Boost logo

Boost :

From: Jonathan Turkanis (technews_at_[hidden])
Date: 2004-03-01 01:51:28


Here is my formal review of FC++ -- sorry to wait to the last minute.

I find FC++ to be very exciting and potentially very powerful;
however, I vote that it not be accepted yet, because the changes
required are extensive enough that a second review is essential. (See
below for full details.) There are three reasons for the second
review:

- Some of the proposed resolutions (particularly the extension to
handle reference parameters) may turn out on closer examination not to
work adequately, or may seem to work okay for FP but raise unforseen
issues when FC++ is used in other C++ frameworks (e.g.
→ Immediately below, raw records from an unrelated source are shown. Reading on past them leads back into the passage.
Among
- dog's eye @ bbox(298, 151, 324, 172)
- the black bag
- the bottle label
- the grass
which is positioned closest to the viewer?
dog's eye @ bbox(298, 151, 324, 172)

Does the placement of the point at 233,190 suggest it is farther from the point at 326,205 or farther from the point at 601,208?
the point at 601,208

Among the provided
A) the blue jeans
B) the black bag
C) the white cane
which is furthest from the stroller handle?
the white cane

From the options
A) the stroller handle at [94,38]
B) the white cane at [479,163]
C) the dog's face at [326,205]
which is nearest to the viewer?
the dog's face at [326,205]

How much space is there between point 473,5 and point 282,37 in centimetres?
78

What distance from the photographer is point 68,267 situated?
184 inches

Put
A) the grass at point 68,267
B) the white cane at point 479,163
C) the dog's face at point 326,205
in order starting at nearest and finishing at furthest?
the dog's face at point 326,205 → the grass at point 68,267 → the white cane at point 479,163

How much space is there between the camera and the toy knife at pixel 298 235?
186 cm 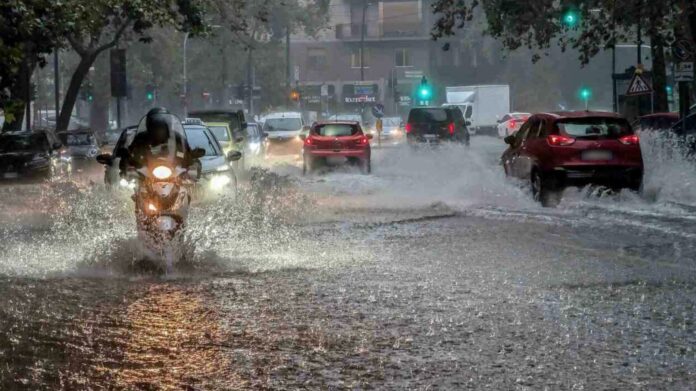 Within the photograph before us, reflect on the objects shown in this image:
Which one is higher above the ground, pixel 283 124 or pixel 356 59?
pixel 356 59

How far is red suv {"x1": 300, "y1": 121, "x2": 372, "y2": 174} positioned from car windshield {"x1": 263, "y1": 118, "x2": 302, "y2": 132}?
1727 cm

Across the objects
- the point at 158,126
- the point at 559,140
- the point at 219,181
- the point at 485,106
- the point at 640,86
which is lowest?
the point at 219,181

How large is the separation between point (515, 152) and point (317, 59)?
79278 mm

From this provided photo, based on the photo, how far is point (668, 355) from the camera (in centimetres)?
770

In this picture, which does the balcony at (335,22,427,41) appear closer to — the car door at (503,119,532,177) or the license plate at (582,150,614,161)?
the car door at (503,119,532,177)

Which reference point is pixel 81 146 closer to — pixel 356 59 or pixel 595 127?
pixel 595 127

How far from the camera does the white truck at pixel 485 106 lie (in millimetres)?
72625

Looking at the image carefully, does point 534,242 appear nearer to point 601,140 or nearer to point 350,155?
point 601,140

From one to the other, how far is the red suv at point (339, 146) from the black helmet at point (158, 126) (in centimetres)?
1852

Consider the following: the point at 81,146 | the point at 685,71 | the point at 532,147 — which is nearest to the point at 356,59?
the point at 81,146

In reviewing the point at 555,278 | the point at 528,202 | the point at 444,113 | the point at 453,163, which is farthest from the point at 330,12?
the point at 555,278

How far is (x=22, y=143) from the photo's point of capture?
31766mm

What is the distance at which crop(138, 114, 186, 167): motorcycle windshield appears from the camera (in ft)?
38.3

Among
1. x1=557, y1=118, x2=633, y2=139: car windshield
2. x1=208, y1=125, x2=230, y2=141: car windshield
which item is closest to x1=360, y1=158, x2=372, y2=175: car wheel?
x1=208, y1=125, x2=230, y2=141: car windshield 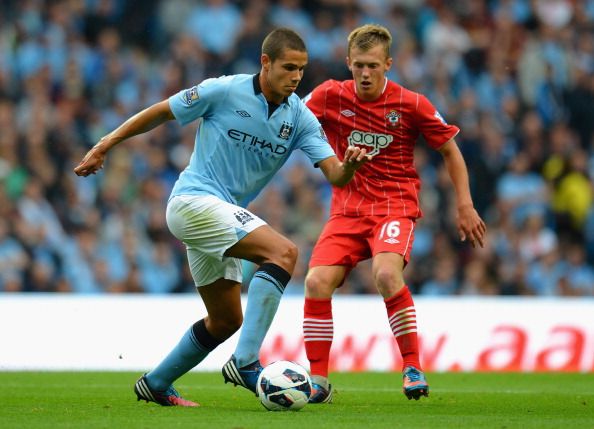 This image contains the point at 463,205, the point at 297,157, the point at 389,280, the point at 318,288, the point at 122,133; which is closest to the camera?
the point at 122,133

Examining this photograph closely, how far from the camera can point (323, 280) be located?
324 inches

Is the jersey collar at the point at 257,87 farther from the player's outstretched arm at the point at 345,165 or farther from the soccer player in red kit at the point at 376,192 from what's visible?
the soccer player in red kit at the point at 376,192

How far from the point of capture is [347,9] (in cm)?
1758

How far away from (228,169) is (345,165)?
738 millimetres

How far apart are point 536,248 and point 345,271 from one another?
7116 mm

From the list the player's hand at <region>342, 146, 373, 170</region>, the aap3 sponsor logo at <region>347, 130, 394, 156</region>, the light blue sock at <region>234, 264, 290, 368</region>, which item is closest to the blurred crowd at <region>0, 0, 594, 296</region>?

STL).
- This review period has tended to focus, naturally enough, on major
issues; with a library the size of FC++ there are probably many
(possibly a dozen or more) smaller issues which deserve discussion.
For one minor example, I'll discuss the reuser syntax below.
- Once extensive changes have been made, there may be many minor
issues with the new code which deserve discussion but which could not
possibly have been addressed by this review since the could in
question doesn't exist yet.

Outline
    I. Basic formal review questions
    II. detailed discussion
        1. Purpose of library
        2. Naming
        3. Configurable max arity
        4. Support for reference parameters
        5. Simplifications:
             simpler return type deduction;
             eliminate full; make full-functors simple to define;
        6. Lambda expressions
        7. Implementation
        8. Testing

I. Basic formal review questions

Some of the formal review questions don't fit naturally into the rest
of my discussion.

* What is your evaluation of the documentation?
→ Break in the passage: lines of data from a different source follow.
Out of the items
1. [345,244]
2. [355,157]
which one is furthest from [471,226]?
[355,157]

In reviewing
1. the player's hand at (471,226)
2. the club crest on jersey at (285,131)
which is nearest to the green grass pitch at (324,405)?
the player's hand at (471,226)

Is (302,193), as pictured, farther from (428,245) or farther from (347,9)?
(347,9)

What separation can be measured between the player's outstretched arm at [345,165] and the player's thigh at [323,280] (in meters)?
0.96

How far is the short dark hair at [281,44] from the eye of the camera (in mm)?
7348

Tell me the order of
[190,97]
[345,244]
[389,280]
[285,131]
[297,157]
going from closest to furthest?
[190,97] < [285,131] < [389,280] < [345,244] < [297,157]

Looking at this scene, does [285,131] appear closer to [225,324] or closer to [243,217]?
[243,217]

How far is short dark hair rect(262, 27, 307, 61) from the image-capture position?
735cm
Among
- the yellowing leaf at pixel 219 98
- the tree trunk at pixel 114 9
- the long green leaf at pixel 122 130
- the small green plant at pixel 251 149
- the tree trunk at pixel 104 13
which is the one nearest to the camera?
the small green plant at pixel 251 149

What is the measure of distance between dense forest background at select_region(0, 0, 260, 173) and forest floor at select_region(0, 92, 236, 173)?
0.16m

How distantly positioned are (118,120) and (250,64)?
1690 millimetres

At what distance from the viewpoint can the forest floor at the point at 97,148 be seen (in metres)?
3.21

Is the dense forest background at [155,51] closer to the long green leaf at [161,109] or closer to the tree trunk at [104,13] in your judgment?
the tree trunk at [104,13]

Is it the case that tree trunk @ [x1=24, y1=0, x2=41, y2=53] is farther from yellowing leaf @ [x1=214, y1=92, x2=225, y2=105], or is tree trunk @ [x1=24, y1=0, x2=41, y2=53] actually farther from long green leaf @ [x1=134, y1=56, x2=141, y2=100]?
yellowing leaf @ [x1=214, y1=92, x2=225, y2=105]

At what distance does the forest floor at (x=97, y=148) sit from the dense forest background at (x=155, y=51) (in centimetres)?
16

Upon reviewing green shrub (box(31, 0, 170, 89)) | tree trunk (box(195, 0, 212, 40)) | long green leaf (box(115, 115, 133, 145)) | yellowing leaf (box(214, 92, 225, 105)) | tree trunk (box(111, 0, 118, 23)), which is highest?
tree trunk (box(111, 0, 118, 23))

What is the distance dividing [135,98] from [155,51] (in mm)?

The documentation is terrible. This has been thouroghly discussed by
others, so I won't say any more.

* Did you try to use the library? With what compiler? Did you have
any problems?

I attempted to compile all the examples with VC7.1. Five test programs
failed to compile (I'll send the errors to Brian separately); one
compiled but caused the IDE to crash. I compiled some on Codewarrior
8.0 and 9.2, which have more problems with FC++ than VC7.1. I'll send
complete reports when I get a chance.

Having studied most of the implementation, I am fairly confident that
it can be made to work on any highly conformant compiler, so these
errors don't worry me.

* How much effort did you put into your evaluation? A glance? A quick
reading? In-depth study?

Over the course of several weeks I spend many hours studying the
library. I read the main documentation, plus two of the referenced
papers, and parts of the monad tutorial. I also read most of the
source.

* Are you knowledgeable about the problem domain?

Although I am familiar with explicit lambda syntax, currying, etc., I
am not knowledgeable about the FP paradigm. Until recently I knew
nothing about FP monads, for instance.

II. Detailed Discussion

1. Purpose of the library.

I think the stated aim of the library, even as a part of boost, should
be to provide a platform for functional programming research in C++,
parts of which can also be used to solve problems in non-FP code. Some
of these uses may be known, but many more will probably be discovered.
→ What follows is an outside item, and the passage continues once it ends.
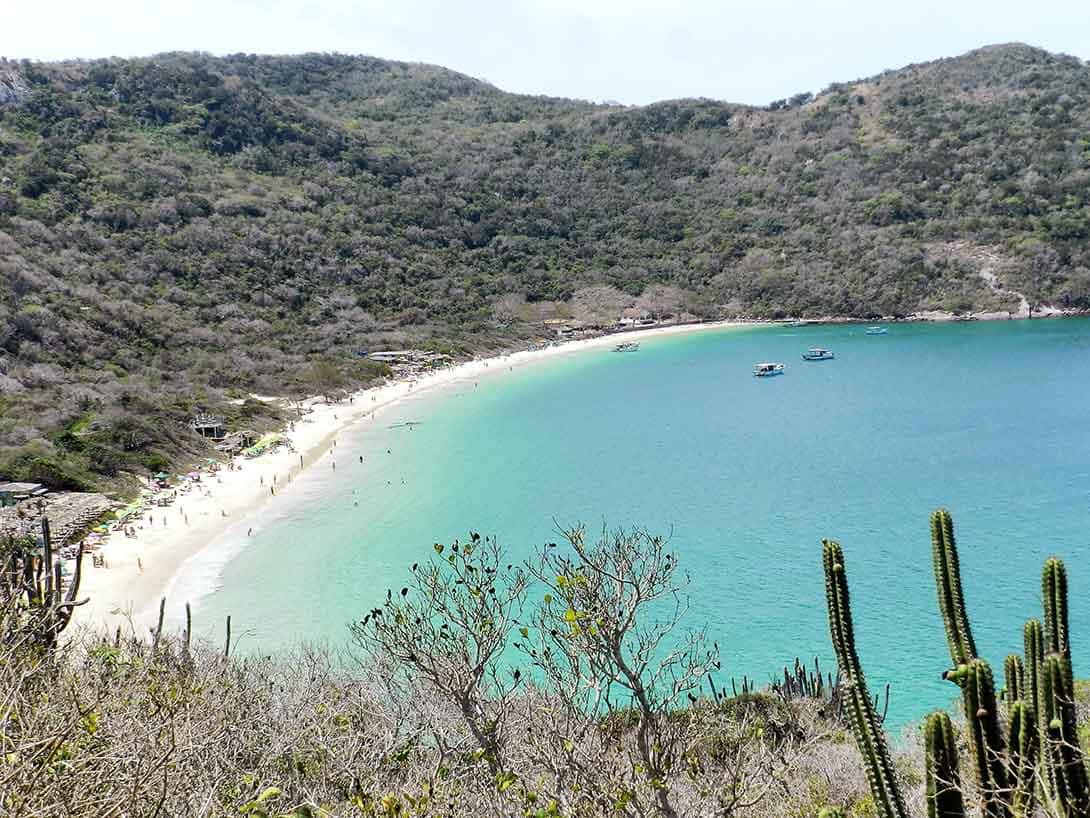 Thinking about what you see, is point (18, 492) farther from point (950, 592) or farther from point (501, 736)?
point (950, 592)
This leads me to the following ranking of criteria for evaluating
FC++, in order of importance:

    1. fidelity to the FP paradigm
    2. usefulness of parts of FC++ in other C++ frameworks (e.g. STL)
    3. consistency with the design of other Boost libraries
    4. similarity to Haskell or ease of use by FP-programmers with
little C++ knowledge.

>From this perspective, unlike some other reviewers, I am not concerned
at all if parts of FC++ ultimately end up duplicating some
functionality found in other boost libraries. Since none of them have
the aim of providing a platform for functional programming in C++, it
would not be surpirsing to find out that existing components with a
functional flavor are unsuitable for use by FC++. I said 'ultimately',
however, because I believe that if after making some of the
recommended changes, such as support for reference parameters, it is
found that some of the current FC++ components can be replaced with
existing Boost components, they defintely should be. Similarly, if it
is found that with these changes parts of FC++ contain the full
functionality of other boost libraries, with similar or identical
interfaces, the authors of those boost libraries should be contacted
to see if they are willing to make their components FC++-compatible to
avoid duplication. With these qualifications, I do not see duplication
as a problem.

For the same reasons I am also not worried if it cannot be
demonstrated, at this moment, that FC++ is the best way to solve any
particular C++ problem. I am confident that it will be useful in many
ways, but even if it should ultimately turn out that FC++ is never the
best tool, I think accepting FC++ into boost -- with the exploration
of new programming techniques and the interaction between programmers
with different backgrounds which it will bring about -- would still be
worthwhile.

2. Naming.

A) Many of the public types and functions have obscure names. (There
are also problems with the internal names, which I'll discuss under
'implementation'.) I'm willing to accept using strange names if they
are standard names from FP; however many of the FC++-specific names
are needlessly obscure.

For example, the templates c_fun_type, fun_type and the
smart_functoidn family are all helper templates designed to add
functionality to a derived class, along the lines of
std::unary_function. But the names give no indication what they are
supposed to do. I still have no idea what the 'c' stands for in
c_fun_type. (I'll suggest in (5) below how to eliminate fun_type and
smart_functoidn entirely, and replace c_fun_type with 'adaptable'; I'm
just using these as examples.)

'fun' should defintely be 'functoid'. 'full' is almost meaningless;
I'd suggest other names, but I think full should be eliminated (see
(5)).

B) There are many families of functions and classes which have
numerals built in to their names, e.g., funn, fulln, monomorphizen,
make_fulln. In almost all cases, it is possible to leave out the
numeral, and let the compiler deduce the relevant information. In some
cases, unifying these families is essential to making the maximum
functoid arity configurable (See (3) below). In most of the other
cases, the numerals should be eliminated because they make identifiers
harder to read, make programmers do more work than necessary, and may
leave the impression with some programmers that there could be subtle
differences between the numbered versions other than arity. (In fact,
'if0', 'if1', and 'if2' use numerals in a way completely unrelated to
arity, seeming to lend credibility to the suspicion that fun0, fun1
and fun2 might be fundamentally different types of entities.)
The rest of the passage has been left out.